TASK STATEMENT: In the data below, one line contains "Powerful Honda 10KVA" and a later one contains "Bobo Choses B?llehat - Tomato - Off White". Print both, with every line between them, exactly and alone.

GIVEN DATA:
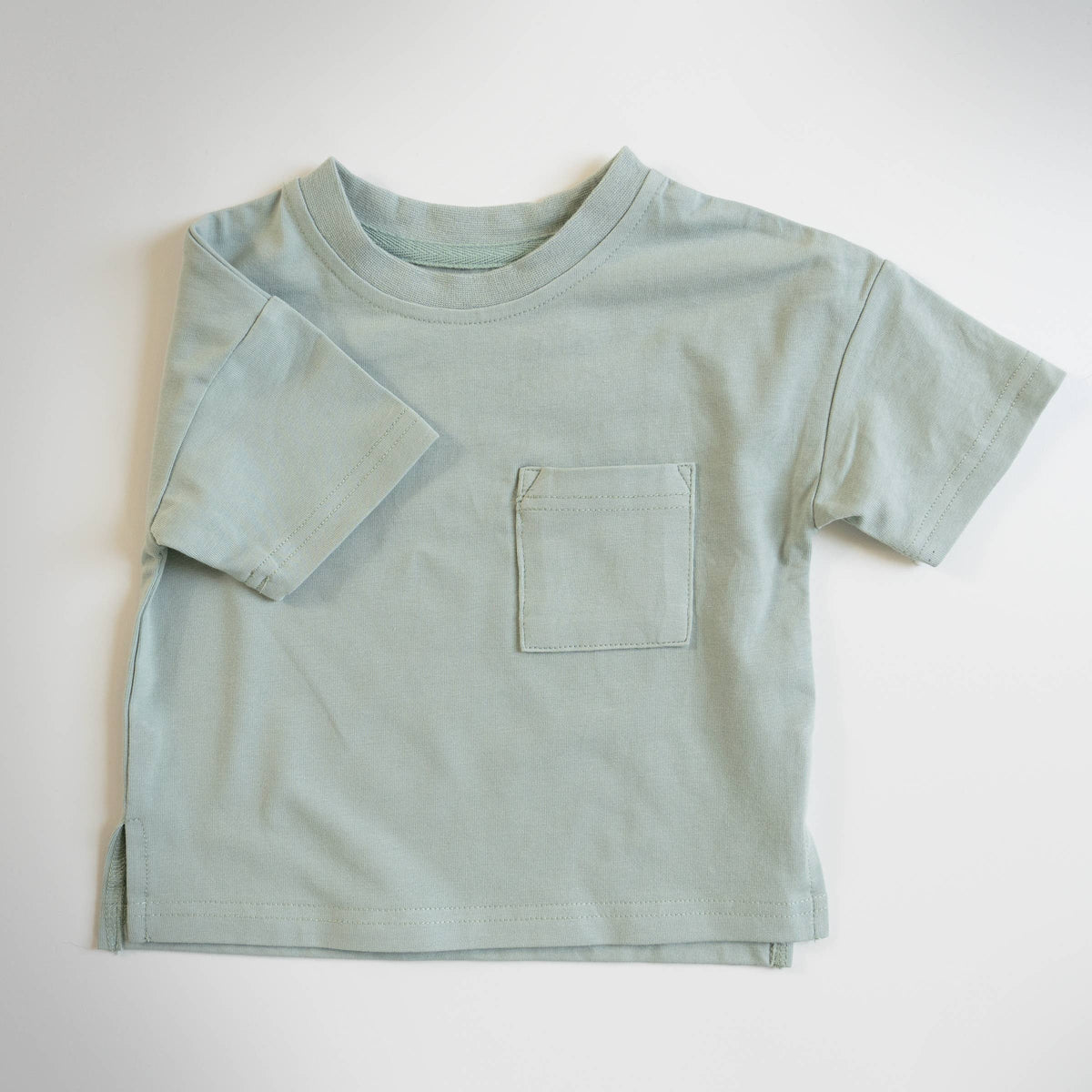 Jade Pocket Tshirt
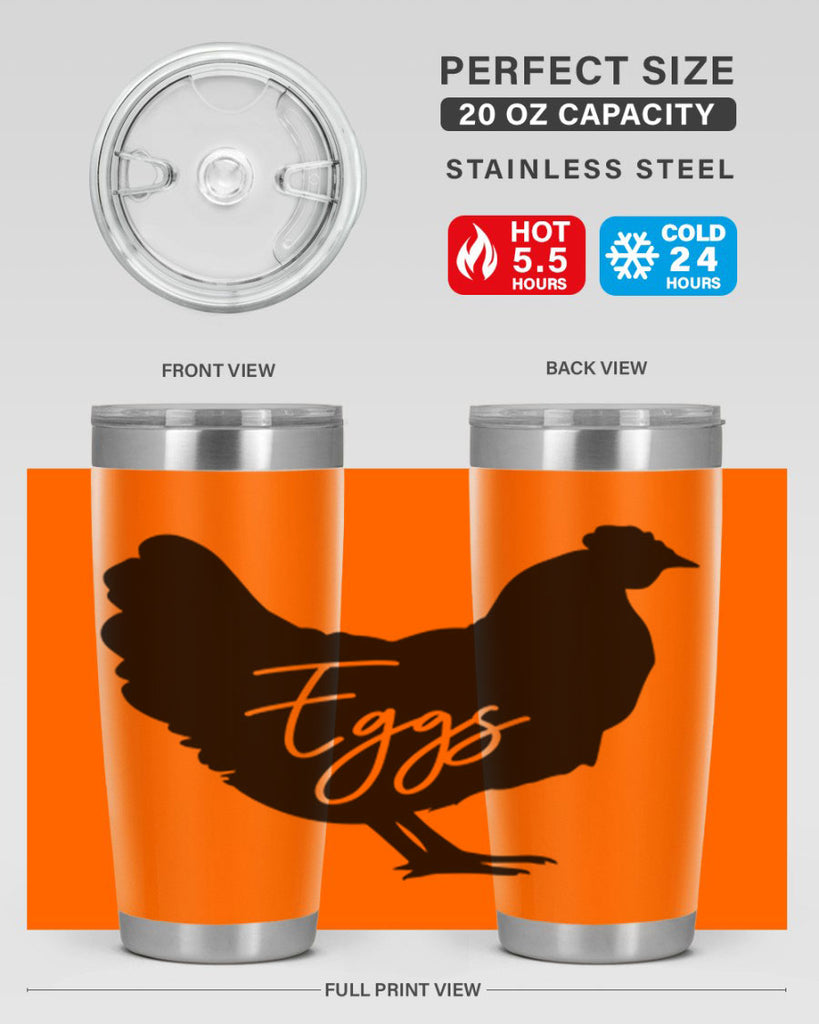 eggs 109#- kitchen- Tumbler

* * *

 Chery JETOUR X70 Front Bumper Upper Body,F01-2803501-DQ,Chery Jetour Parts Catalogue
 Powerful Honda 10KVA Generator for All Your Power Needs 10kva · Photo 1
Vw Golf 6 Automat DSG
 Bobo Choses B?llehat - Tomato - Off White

--

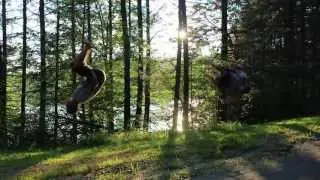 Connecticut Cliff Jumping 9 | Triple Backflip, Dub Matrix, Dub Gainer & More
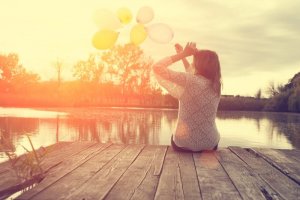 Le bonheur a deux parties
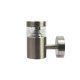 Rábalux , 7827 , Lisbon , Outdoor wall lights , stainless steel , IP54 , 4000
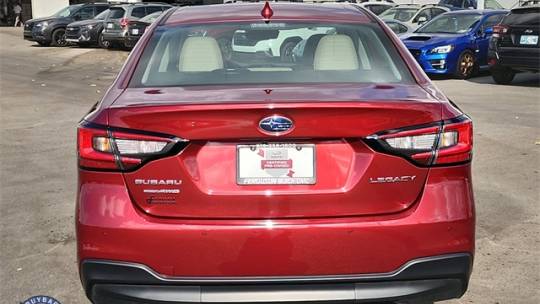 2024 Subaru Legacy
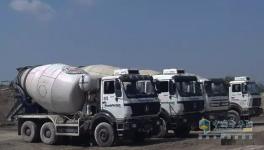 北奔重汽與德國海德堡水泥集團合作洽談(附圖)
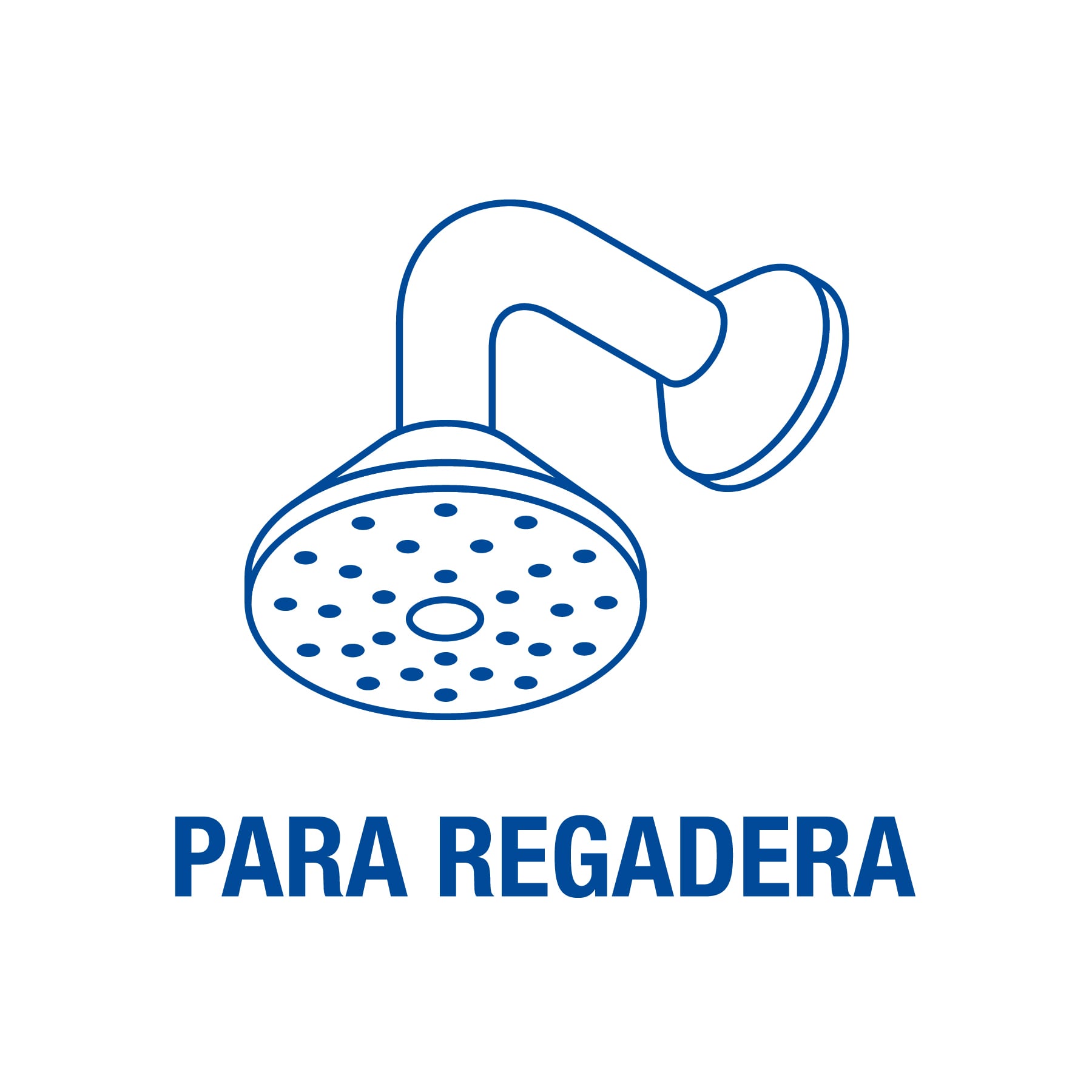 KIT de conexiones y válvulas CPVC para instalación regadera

RESPONSE:
 Powerful Honda 10KVA Generator for All Your Power Needs 10kva · Photo 1
Vw Golf 6 Automat DSG
 Bobo Choses B?llehat - Tomato - Off White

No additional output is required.